_Task item_
From the entries below, reproduce exactly the lines from the one with "Garvee Scalloped RV" through the one with "1960s 1960s French", both included, without images.

_Records for the task_
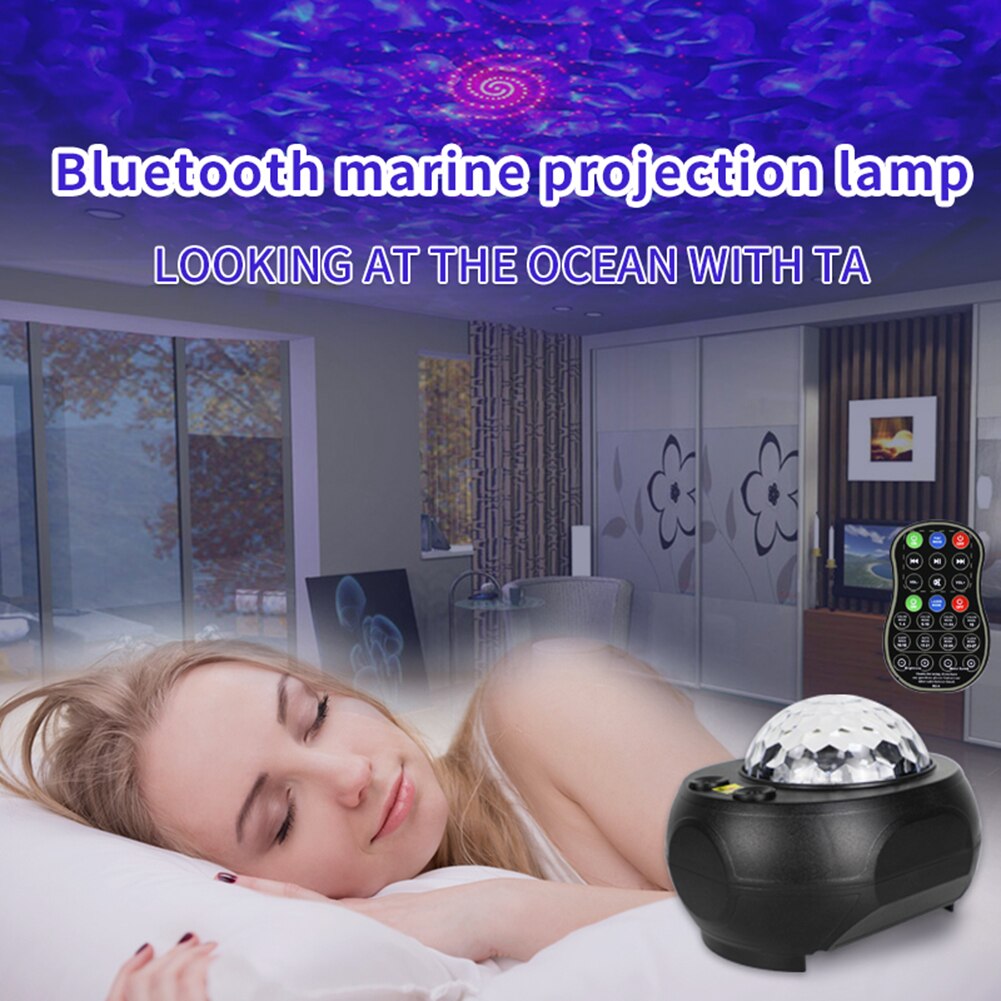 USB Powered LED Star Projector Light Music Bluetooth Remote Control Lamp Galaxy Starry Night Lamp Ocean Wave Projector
* * *
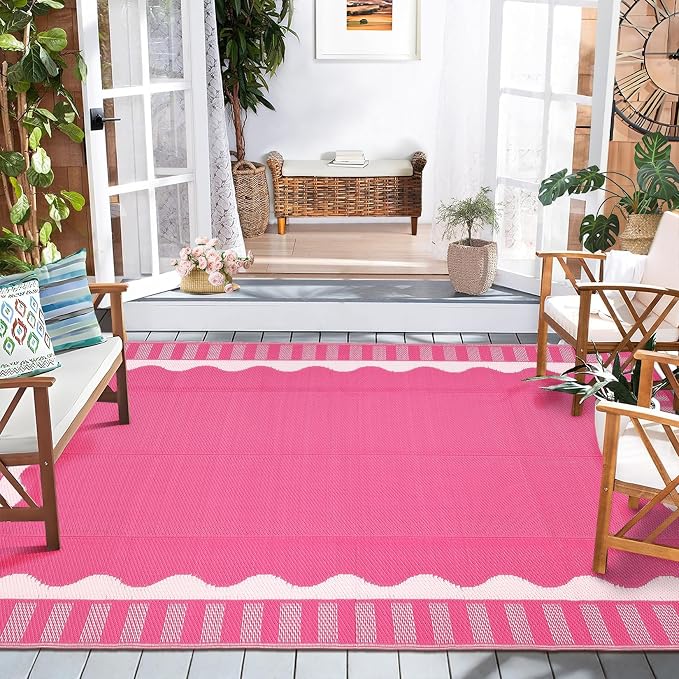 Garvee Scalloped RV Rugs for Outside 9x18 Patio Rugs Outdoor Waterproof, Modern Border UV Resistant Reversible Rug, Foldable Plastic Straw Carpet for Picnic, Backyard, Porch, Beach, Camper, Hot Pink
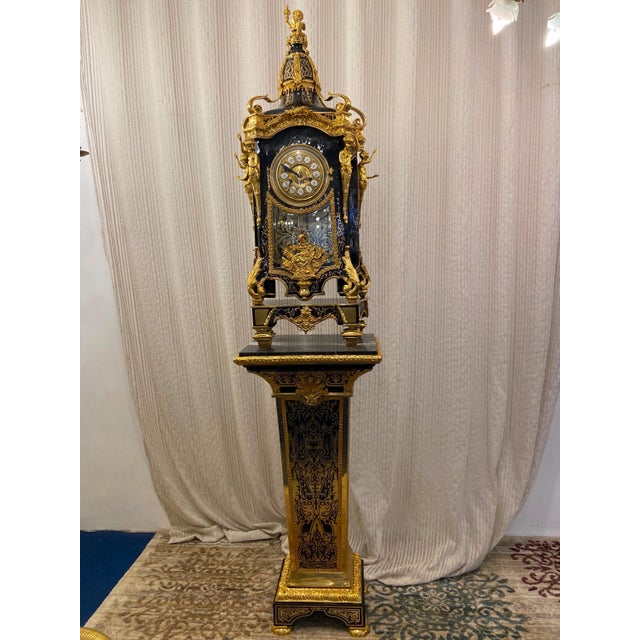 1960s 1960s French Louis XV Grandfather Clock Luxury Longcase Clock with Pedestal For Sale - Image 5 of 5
...
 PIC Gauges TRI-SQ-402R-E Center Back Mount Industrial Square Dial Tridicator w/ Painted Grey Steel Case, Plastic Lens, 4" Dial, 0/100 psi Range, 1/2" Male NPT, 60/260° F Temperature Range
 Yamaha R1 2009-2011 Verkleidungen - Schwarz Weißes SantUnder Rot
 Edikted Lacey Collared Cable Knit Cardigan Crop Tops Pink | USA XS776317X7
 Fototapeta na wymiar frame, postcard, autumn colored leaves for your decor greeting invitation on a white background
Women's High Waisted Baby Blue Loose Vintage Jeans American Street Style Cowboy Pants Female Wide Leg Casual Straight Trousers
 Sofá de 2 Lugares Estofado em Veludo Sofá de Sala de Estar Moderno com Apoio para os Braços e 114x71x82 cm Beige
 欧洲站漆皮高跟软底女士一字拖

_Your solution_
 Garvee Scalloped RV Rugs for Outside 9x18 Patio Rugs Outdoor Waterproof, Modern Border UV Resistant Reversible Rug, Foldable Plastic Straw Carpet for Picnic, Backyard, Porch, Beach, Camper, Hot Pink
 1960s 1960s French Louis XV Grandfather Clock Luxury Longcase Clock with Pedestal For Sale - Image 5 of 5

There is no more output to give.